Even with its weakening position in Afghanistan, the US has enough levers to force a change in the Pakistan army's behaviour in Afghanistan. Four options present themselves to Washington.
The first is to declare the Haqqani network a terrorist organisation and raise the heat on the Pakistan army to abandon its support to what top American officials themselves have called a "veritable arm of the ISI".
Second, underlying Rawalpindi's decision to walk back from the NATO blockade is recognition of its international isolation and the perilous condition of the Pakistani economy. Rawalpindi's efforts to get China and Saudi Arabia to back its defiance of the US have not gone very far. Rawalpindi can no longer sustain the presumption that the US needs it more than it needs Western economic support. If Washington acts on the logic of changed circumstances, it could exercise considerable pressure on the Pakistan army to dismantle the sanctuaries to the Taliban and the Haqqani network.
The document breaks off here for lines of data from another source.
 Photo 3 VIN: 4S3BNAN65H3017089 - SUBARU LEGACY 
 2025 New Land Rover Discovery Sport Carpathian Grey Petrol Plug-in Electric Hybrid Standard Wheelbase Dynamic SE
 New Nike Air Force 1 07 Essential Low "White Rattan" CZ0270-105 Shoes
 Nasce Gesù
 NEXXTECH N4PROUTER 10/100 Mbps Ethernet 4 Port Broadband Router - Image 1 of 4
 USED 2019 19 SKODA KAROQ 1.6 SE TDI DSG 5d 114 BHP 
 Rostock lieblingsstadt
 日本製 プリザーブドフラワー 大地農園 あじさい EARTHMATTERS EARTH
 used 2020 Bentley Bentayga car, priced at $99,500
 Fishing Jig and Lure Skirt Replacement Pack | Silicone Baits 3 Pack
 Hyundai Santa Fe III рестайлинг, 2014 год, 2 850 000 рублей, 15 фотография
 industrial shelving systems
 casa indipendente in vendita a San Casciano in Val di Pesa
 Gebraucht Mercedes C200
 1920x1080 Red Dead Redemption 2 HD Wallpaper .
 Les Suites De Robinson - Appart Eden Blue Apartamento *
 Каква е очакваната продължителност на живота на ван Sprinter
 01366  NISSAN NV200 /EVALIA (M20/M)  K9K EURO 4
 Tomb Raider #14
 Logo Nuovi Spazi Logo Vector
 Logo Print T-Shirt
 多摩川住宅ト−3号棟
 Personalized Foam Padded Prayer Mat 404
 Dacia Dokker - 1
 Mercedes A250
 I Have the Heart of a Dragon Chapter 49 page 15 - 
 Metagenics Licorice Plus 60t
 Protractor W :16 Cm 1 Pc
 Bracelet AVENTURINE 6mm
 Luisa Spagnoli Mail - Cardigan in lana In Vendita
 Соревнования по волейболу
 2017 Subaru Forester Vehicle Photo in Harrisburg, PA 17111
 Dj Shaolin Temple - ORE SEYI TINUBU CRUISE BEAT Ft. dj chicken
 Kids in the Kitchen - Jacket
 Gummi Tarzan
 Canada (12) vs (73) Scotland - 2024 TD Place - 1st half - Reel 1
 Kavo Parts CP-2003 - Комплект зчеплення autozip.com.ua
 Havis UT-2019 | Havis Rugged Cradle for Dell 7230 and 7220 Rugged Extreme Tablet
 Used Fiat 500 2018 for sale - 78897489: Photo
Third, instead of trying to engage the Taliban on its own, the United States could demand that Rawalpindi nudge the insurgents towards direct talks with Kabul. That would strengthen the legitimacy of the Karzai government, which is eager to find a measure of accommodation with elements of the Taliban.
Finally, the US can help rebalance the civil-military dynamic in Pakistan. With Islamabad on the verge of the first ever peaceful transition from one elected government to another, and Rawalpindi humbled somewhat after the bin Laden affair, the US can indeed push for a restoration of civilian primacy over the army and the ISI in Pakistan.
The civilian leaders in Pakistan are quite eager to move away from Rawalpindi's adventurism, which has badly isolated Pakistan and weakened its international standing. They are eager for normal neighbourly relations with Afghanistan and India.
Despite its tendency towards strategic over-reach, the
Pakistan army is a rational actor. Rawalpindi might get its calculations right if Washington plays hardball.
If the Obama administration avoids the temptation of returning to business as usual with Rawalpindi, it has an opportunity to get both Afghanistan and Pakistan right.